Naive Bayes Classification

In definition of bayespost(data) function, the x in logpost += (logpx * x + logpxneg * (1-x)).sum(0) should be data.

There are certain terms like softmax which I feel are unknown to a beginner. Is this a concept which will be covered later or is there any resource where we can learn about this?

I got confused about the meaning of the notations P(x), P(y), P(x|y), etc.

To all, this chapter is rewritten to be more beginner friendly. (you may need a force fresh in case there is a cached version).

I don’t really get it in Section 2.5.4 for Bayes prediction:

def bayes_pred(x):
    x = x.expand_dims(axis=0)  # (28, 28) -> (1, 28, 28)
    p_xy = P_xy * x + (1-P_xy)*(1-x)
    p_xy = p_xy.reshape((10,-1)).prod(axis=1) # p(x|y)
    return p_xy * P_y

What is line 3 doing and how we are getting value of p(x|y)?

The original shape of p_xy is (10, 28, 28), so line 3 reshapes p_xy into (10, 784), and then does multiplication for all the 784 probabilities for each class.
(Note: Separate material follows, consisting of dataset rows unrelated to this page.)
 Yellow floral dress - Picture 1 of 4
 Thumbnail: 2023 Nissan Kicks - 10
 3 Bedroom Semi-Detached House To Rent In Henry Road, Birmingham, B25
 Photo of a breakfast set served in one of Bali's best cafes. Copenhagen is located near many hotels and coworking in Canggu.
If we can estimate \prod_i p(x_i=1 | y) for every i and y, and save its value in P_{xy}[i,y], here P_{xy} is a d\times n matrix with n being the number of classes and y\in{1,\ldots,n}.
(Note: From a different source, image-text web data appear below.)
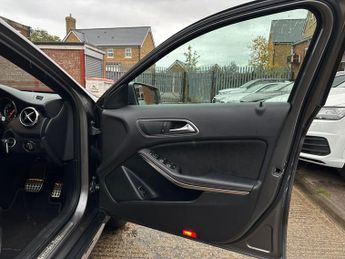 Mercedes-Benz GLA 2.1 GLA200d AMG Line 7G-DCT 4MATIC Euro 6 (s/s) 5dr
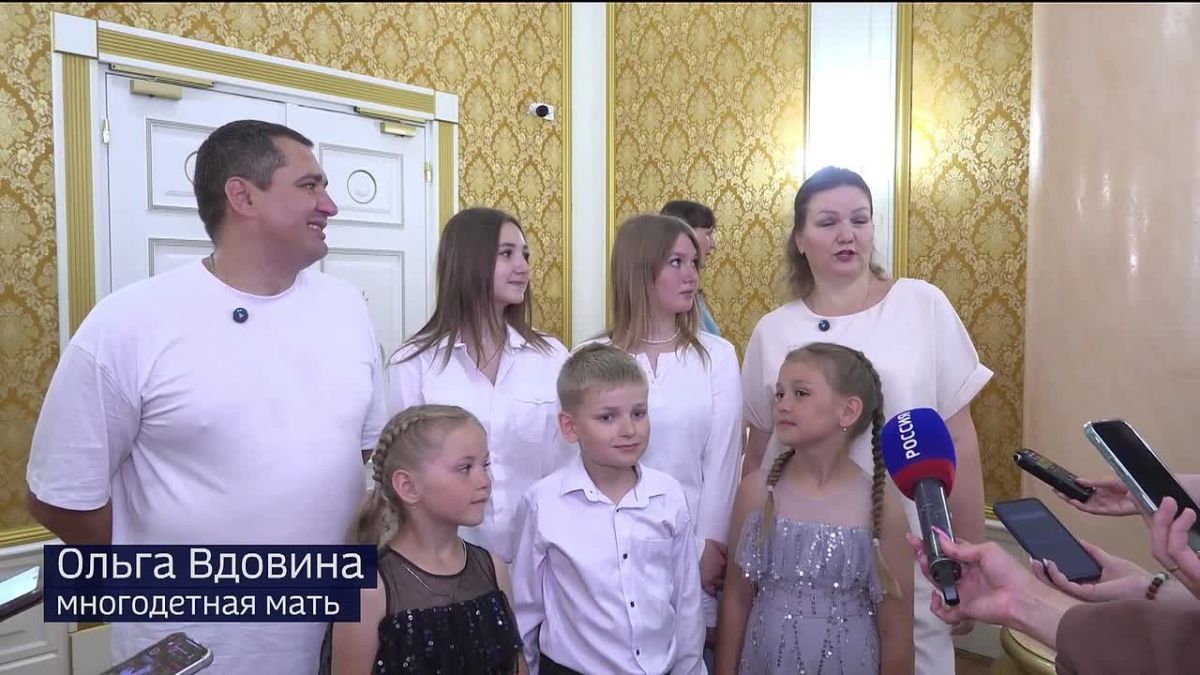 В Тюмени двум многодетным парам сегодня вручили почетные знаки "За сохранение и укрепление семейных ценностей"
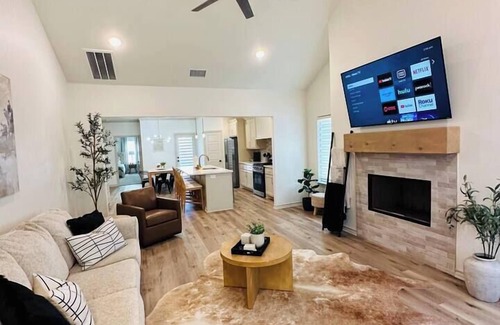 Lubbock House | Uptown Elegance 7 minutes to Texas Tech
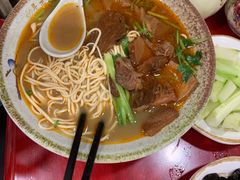红烧牛三宝面-金杨拉面王小吃面馆·牛三宝面·红烧牛肉粉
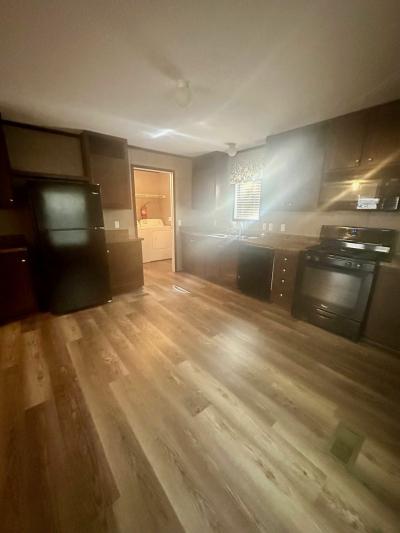 Mobile Home at 13318 S. Dixie Hwy. # 115 Holly, MI 48442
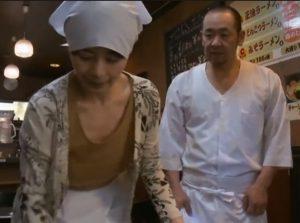 ▼ヘンリー塚本▼▼欲求不満な四十路美熟女がラーメン屋のオッサンの激しいSEXで絶頂！！！！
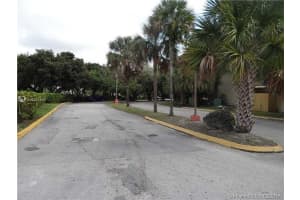 8897 Fontainebleau Blvd, Miami, FL 33172, Sold 08/09/18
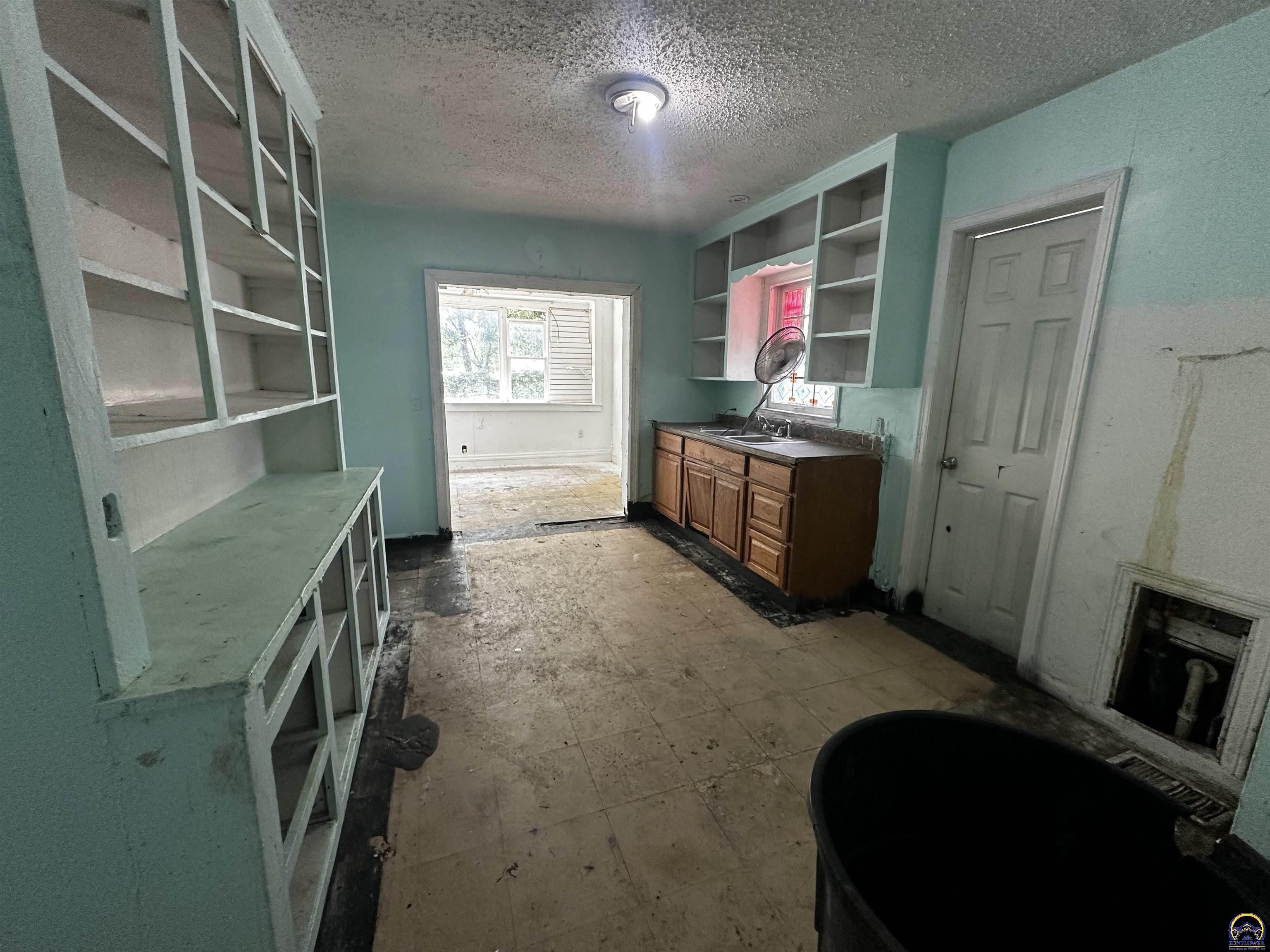 313 Southwest 13th Street Topeka, KS 66612 - Photo 16 of 23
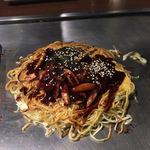 徳兵衛 広島風お好み焼き・鉄板居食家 - お好み府中焼きスペシャル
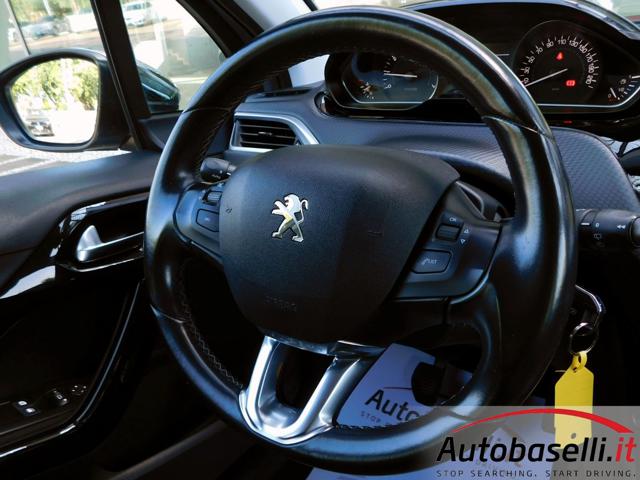 PEUGEOT 208 usata, con Apple CarPlay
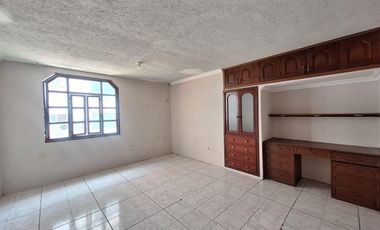 Casa en alquiler, Kennedy Norte,Guayaquil | 4 dormitorios   estudio para oficinas o consultorios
It seems that \prod_i p(x_i=1 | y) should be p(x_i=1 | y) instead.


we could compute \hat{y} = \operatorname*{argmax}_y \prod_{i=1}^d P_{xy}[x_i, y]P_y[y], (2.5.5)

this equation seems incorrect. Probably it could be like,

\hat{y} = \operatorname*{argmax}_y \prod_{i=1}^d (x_iP_{xy}[i, y] + (1 - x_i)(1 - P_{xy}[i, y]))P_y[y]

I do not get this equation here.

p_xy = P_xy * x + (1-P_xy)*(1-x)

which is not explained in the context.

Since x_i can only be 1 or 0, we should have

p(x_i | y) = p(x_i | y) \delta(x_i - 1) + p(x_i | y) \delta(x_i - 0) = p(x_i = 1 | y) x_i + p(x_i = 0 | y) (1-x_i)
p(x_i | y) = p(x_i = 1 | y) x_i + (1 - p(x_i = 1 | y)) (1-x_i)

If P_{xy}[i, y] represents p(x_i = 1| y), we have

\hat{y} = \operatorname*{argmax}_y \> \prod_{i=1}^d (P_{xy}[i, y]x_i + (1-P_{xy}[i,y])(1-x_i))P_y[y],

For log case,

\hat{y} = \operatorname*{argmax}_y \> \sum_{i=1}^d (\log P_{xy}[i, y] x_i + \log (1 - P_{xy}[i, y])(1-x_i) + \log P_y[y].


Hi Yayun, thank you for your reply. Basically it is just a mathematical transformation, right?

Hi mru4913, you are welcome. I think it is. Just keep in mind that our goal is to find what the value of p(x_i | y) is. I was confused at the first time. But p(x_i = 1| y) reminded me that x_i could also be 0, and then I got the key that we need to calculate p(x_i = 0 | y).

What is the answer of 3rd question of exercise ?

what is delta in this case?

n_x[y] = nd.array(X.asnumpy()[Y==y].sum(axis=0)).
In this line why does one have to convert X to numpy and then index it, why not directly index it like X[Y==y] ?

I think it is a bug. To be consistent with the code snippet later which is used to demo the trick of avoiding underflow and overflow, the code here should be

p_xy = P_xy ** x + (1-P_xy)**(1-x)

Yes, I think so.

\prod_i p(x_i=1 | y)

should be

p(x_i=1 | y)